Building leadership capacity
It is important that the head, particularly if they have been at the school for some time or have made a very large impact in a short one, looks to build the capacity of other leaders in the school. ‘The genius with a thousand helpers’, as Collins describes the charismatic leader, will leave the school completely bereft if other staff are not coached to bring forward ideas. It is the time to say ‘Yes!’ to new ideas, even if they are ones the ‘old’ head has reservations about.
At the same time, though, the school needs to know how it feels about itself and how it would like to feel about itself in the future. This means devoting serious time to the task and involving governors and all staff in the process. Only this way will the person specification for the job describe what this particular school needs and will continuity be preserved in what matters – while everything else changes to meet changing circumstances.
Headship succession does not take place at a natural pause in educational business. There is a need to keep things going. Plans need to be made and actioned even if they are going to take effect after the change of headship. Nothing is worse than for ‘planning blight’ to cloud over the school as everything waits for ‘the new head.’ However, the decisions and the initiatives must come from the rest of the team: not from the outgoing head.
Objectivity about the future
The task is daunting. An outgoing head has to develop sufficient objectivity to conceive of the future of the school without them and to identify what has not been done and ought to have been done, as well as what has been done and ought to be preserved. If it is not the practice already, they must devolve the decision on significant strategic initiatives to the team and leave it to them to sell them to the governors, but do it without implying that they would never have done it themselves.
It requires the skills to educate the school to be explicit about itself and to walk the line between tying the hands of a successor and clarifying core values for continuity. It is a challenge that will test all the skills and wisdom that a head may have accumulated in the course of their career.
And of course, any number of people can destroy everything that the head is trying to do.
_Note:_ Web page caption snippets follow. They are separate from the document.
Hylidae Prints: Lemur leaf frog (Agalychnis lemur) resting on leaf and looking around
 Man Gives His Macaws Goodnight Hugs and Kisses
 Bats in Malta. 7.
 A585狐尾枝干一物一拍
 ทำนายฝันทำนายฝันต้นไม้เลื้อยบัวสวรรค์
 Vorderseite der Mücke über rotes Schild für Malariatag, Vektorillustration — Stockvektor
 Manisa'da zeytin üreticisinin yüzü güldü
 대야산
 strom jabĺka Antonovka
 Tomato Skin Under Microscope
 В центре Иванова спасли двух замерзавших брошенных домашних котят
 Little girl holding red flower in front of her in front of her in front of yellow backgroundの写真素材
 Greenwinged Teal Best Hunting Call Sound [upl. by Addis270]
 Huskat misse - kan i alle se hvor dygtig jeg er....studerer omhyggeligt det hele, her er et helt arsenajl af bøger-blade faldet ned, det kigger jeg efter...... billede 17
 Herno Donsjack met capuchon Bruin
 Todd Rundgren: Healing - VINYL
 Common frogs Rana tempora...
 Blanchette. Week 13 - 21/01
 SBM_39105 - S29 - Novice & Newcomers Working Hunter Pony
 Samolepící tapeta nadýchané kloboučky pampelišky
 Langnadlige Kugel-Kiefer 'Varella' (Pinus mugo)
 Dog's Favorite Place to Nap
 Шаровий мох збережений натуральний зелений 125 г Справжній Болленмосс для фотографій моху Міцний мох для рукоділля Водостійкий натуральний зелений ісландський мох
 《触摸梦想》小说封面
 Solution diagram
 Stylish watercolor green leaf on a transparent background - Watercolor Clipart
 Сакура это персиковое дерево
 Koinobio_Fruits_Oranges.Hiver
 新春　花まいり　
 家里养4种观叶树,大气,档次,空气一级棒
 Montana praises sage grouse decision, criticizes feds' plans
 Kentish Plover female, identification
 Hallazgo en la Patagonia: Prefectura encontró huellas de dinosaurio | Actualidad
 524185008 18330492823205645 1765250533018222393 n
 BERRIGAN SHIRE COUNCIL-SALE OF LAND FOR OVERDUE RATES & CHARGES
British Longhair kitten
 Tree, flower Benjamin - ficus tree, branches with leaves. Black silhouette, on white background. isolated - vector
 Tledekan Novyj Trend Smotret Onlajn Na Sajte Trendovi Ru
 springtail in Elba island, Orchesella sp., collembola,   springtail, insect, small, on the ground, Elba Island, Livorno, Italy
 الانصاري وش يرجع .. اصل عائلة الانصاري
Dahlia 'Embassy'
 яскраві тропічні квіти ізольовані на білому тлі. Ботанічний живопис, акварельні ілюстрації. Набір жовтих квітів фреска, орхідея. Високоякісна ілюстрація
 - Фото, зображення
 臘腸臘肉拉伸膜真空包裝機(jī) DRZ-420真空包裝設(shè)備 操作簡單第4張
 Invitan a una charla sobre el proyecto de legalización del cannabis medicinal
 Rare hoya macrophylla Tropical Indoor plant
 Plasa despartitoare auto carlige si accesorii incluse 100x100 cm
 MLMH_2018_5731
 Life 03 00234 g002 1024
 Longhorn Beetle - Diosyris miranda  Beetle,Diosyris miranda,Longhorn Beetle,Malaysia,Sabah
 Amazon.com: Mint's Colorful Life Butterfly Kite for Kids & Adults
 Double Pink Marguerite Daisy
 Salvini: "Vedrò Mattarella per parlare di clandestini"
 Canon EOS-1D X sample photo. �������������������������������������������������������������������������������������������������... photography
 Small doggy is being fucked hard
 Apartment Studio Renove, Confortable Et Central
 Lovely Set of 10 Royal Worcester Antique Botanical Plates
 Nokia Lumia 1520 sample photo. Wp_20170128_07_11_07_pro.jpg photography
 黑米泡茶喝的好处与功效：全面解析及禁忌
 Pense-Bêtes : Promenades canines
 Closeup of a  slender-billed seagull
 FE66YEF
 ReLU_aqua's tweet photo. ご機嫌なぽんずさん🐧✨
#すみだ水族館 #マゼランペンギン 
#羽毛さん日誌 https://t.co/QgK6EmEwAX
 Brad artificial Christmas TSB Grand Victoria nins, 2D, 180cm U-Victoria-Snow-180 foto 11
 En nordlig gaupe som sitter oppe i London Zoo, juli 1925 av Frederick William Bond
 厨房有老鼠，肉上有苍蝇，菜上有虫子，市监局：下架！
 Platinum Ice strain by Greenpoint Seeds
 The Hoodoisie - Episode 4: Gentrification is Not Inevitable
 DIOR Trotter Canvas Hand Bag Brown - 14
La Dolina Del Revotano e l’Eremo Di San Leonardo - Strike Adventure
An over-assertive and opinionated chair of governors, displaying all the arrogance of ignorance and the power that comes from complete certainty that will not be moved by the facts (and they do exist) can trample through the most intelligent scheme for governor awareness training. The ‘old guard’ may see any consultation as a chance to seize power; and the outside adviser, representing the chief education officer, may bring with him a set of county hall folklore beliefs about the school which completely mislead the governors as to what is wanted.
‘Against folly the gods themselves contend in vain,’ the old head will mutter as they see the result, but at least the last challenge of headship will have been taken up. And in most cases the outcome will be positive. The school will go on successfully without them and that will be their lasting achievement.
References
Ball, S (1987) The Micropolitics of the School, London: Methuen.
Collins, JC (2001) From Good to Great, London: Random House.
Collins, JC and Porras, JI (2000) Built to Last, London: Random House.
Gray, J, Hopkins, D, Reynolds, D, Wilcox, B, Farrell, S & Jesson, D (1999) Improving Schools: Performance and Potential, Buckingham: Open University Press.
Weindling, D and Earley, P (1987) Secondary Headship: The First Years, Windsor: NFER Nelson.
Schein, E (2004) Organisational Culture and Leadership, San Fransisco: Jossey-Bass.